## What is required
Each line from the material with the word "cheese" in it must be copied.

----------------

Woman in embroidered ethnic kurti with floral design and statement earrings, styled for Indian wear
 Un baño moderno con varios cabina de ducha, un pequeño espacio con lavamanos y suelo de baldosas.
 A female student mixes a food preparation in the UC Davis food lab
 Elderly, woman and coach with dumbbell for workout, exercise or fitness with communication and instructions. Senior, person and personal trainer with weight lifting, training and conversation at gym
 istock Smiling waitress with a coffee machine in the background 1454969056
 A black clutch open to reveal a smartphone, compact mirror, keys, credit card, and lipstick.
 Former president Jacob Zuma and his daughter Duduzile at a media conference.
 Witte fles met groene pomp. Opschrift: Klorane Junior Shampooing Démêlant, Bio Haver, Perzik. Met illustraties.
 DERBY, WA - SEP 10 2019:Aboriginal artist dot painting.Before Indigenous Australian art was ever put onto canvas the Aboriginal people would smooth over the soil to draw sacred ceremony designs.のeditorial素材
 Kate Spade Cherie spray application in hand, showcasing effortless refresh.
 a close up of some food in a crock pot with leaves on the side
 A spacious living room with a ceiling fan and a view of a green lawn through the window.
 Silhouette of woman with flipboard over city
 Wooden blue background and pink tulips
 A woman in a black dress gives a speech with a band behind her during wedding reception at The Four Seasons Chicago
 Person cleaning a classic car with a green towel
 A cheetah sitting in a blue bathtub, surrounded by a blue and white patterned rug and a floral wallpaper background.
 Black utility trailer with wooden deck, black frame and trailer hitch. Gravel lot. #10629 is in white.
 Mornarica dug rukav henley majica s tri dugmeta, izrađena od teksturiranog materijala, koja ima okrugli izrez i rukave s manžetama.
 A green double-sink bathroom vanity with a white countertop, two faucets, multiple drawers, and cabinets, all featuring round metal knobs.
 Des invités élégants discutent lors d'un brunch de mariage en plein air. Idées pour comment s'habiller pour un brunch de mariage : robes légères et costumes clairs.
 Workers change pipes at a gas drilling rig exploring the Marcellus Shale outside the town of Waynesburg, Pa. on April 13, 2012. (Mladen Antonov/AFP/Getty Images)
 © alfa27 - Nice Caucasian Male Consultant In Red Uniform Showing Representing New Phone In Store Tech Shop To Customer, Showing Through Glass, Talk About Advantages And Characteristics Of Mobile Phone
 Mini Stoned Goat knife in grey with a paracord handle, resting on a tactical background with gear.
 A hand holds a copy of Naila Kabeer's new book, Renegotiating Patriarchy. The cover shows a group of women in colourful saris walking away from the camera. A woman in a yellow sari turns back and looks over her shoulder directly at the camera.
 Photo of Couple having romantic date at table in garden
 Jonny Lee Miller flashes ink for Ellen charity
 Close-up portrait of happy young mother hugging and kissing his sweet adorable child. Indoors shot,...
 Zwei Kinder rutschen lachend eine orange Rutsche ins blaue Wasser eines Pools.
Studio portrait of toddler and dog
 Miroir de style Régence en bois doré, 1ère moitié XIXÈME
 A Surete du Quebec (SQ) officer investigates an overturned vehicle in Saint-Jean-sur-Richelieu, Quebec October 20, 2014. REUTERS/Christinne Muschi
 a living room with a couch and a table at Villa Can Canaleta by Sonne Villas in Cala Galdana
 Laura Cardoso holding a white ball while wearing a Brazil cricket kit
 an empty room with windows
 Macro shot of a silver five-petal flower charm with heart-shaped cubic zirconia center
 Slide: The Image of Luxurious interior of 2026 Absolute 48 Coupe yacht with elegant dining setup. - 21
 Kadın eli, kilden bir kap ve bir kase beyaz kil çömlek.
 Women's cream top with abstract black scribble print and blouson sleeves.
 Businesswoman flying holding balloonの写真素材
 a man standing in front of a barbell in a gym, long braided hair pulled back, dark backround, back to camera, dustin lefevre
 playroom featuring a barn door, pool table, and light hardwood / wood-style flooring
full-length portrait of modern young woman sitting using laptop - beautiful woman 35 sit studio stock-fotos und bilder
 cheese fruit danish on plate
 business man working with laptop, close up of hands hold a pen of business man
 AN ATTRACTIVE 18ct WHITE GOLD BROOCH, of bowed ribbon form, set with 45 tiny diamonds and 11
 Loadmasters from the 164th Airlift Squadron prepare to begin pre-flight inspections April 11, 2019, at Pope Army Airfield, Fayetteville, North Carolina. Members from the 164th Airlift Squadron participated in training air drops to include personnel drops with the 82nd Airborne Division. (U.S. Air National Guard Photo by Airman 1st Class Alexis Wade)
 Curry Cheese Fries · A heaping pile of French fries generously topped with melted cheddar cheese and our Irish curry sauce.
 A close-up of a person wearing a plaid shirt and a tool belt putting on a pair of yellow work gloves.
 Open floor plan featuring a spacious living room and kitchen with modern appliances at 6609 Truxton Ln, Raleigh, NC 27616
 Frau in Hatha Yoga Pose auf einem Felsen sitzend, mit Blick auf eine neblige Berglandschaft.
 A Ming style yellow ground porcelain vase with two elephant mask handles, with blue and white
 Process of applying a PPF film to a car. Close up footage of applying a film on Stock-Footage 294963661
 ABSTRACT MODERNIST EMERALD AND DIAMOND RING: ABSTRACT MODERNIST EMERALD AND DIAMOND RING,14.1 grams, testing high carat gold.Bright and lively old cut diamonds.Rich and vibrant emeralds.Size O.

----------------

## Response below
 cheese fruit danish on plate
 Curry Cheese Fries · A heaping pile of French fries generously topped with melted cheddar cheese and our Irish curry sauce.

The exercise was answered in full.